Collaborative presentation with Pamela Weissenberg, Mexico City Condo London 2024
All perception—indeed, all our experience of the world is embodied. We cannot understand the world we live in, nor can we interact with each other or act on the environment around us, without our bodies. Everything we know, everything we do, and everything we are, is mediated by the body. i
More questions than answers (such is life): Can we ever gain an understanding of our own body? No, would seem to be the obvious response… If every experience shapes us, we are therefore in a constant state of intangible flux, a condition of endless becoming. Wherein – the deck stacked against us from the outset – even the simplest image of ourselves, our reflection, we see in reverse. Thanks to rudimentary physicsii, this fundamental discrepancy between our self-image and how others see us, the rift between our imagined self and desired self, suggests the yearning for our bodies to exist beyond their (actual – what-so-ever-that-is) physicality. But even a willed projection of mental image is sketchy, given that ‘actual’ representation is undermined by the decreasing faith in veritas in our fabulous post-truth society. (The argument of “it’s my truth” is contemporaneously given relative legal weight).
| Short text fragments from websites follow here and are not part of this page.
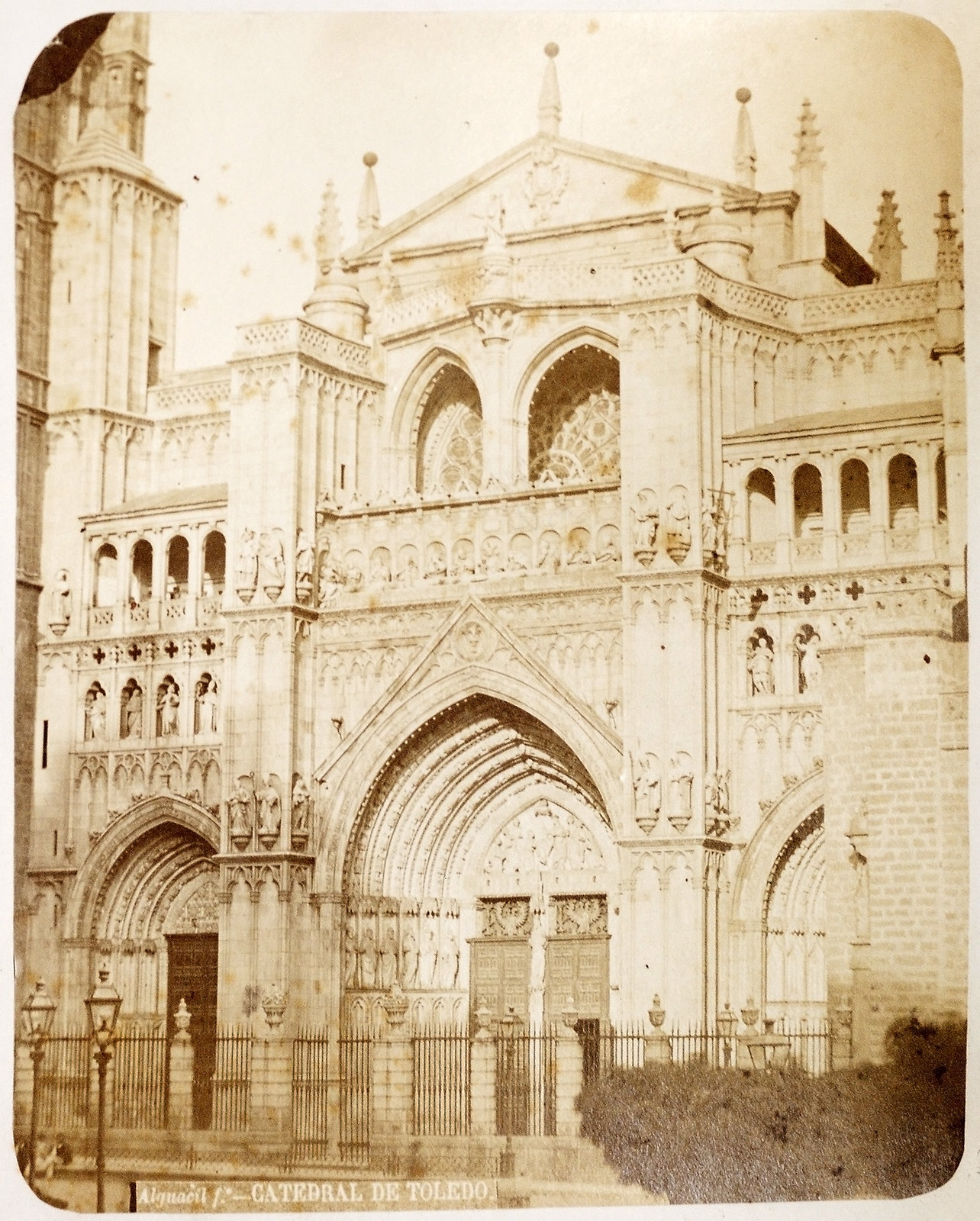 Catedral de Toledo hacia 1879. Álbum de la National Gallery con fotos de Casiano Alguacil.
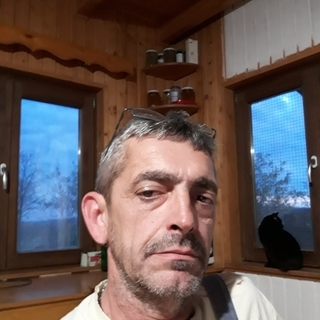 339ce417c9a7b0c3profilképe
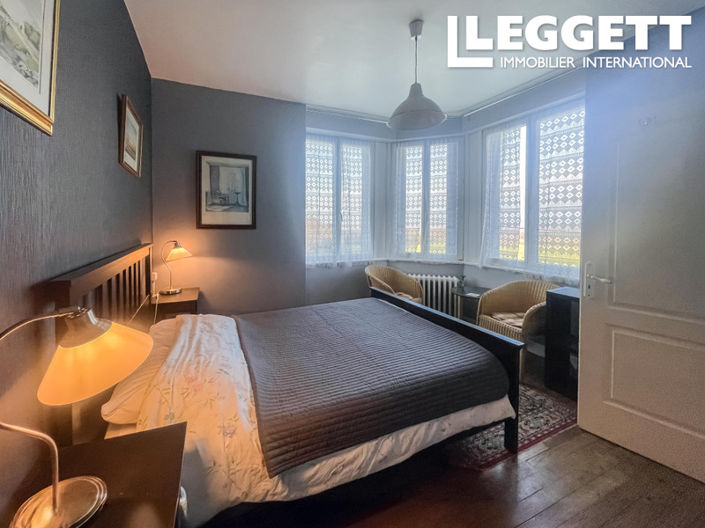 Image No.5-7 Bed House for sale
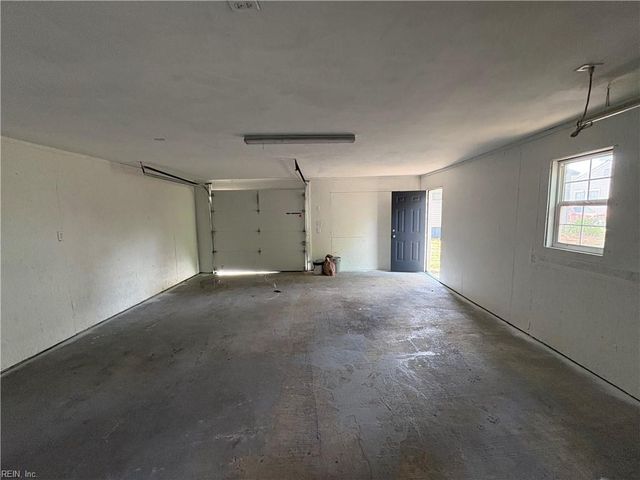 300 Dwight DR, Portsmouth, VA 23704
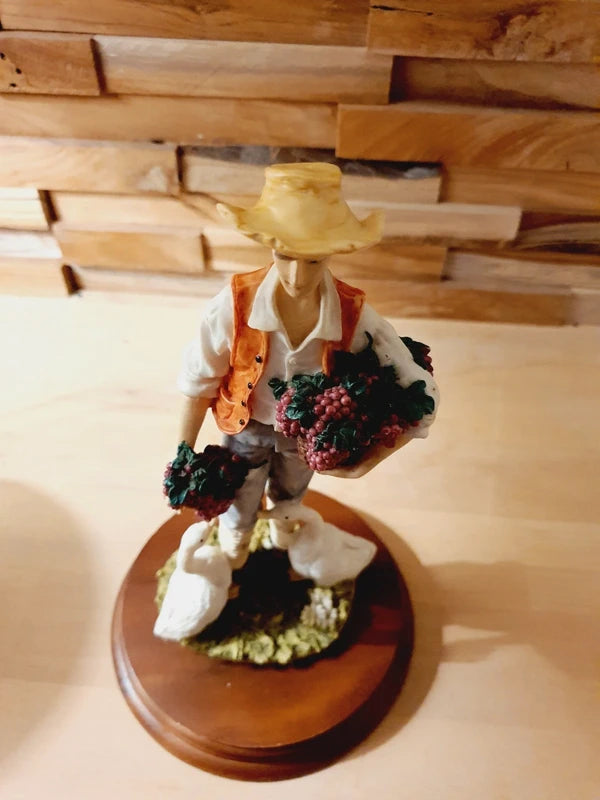 Figurine Vintage "Le Vigneron et ses Oies" – The Leonardo Collection (1991) - LVR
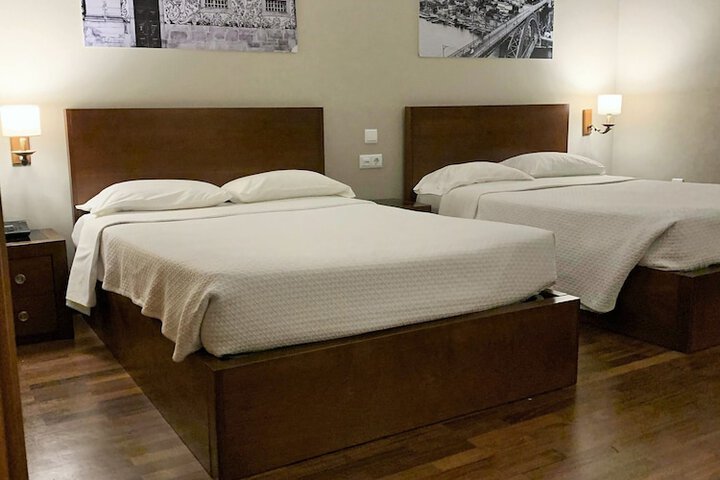 Room 8 of 14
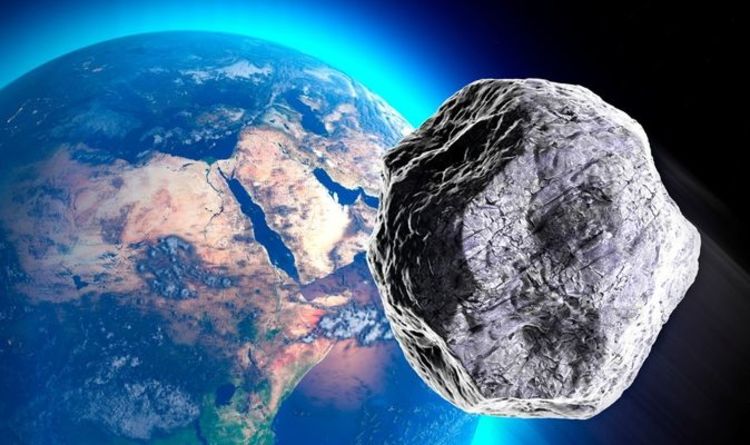 Астероид, движущийся со скоростью более 48 000 километров в час, должен пролететь мимо Земли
We can of course digitally alter and heavily edit images of ourselves to select which self is presented as the preferred ‘real’ to the virtual eyes watching us (imagined/desired/paranoid?), as we can laboriously construct avatar selves that live solely, or dialectically, in a parallel digital world.
If the above is a willing fiction, then perhaps the closest we get to unwilling fact is the prevalence of video surveillance, so active that images collected in public spacesiii can construct a detailed and accurate ‘portrait’ of self (us). A concealed camera scanning our retina can reveal our current appearance and project a version of ourselves decades into the future. Which are we: our faulty perception of our real, or ‘their’ real? Does all of this indicate that we are losing any/all control over our identity? Or, with the tools and skills to manipulate versions of ourselves being more accessible than ever, are we more in control of our images? Are we, in reality, enhanced?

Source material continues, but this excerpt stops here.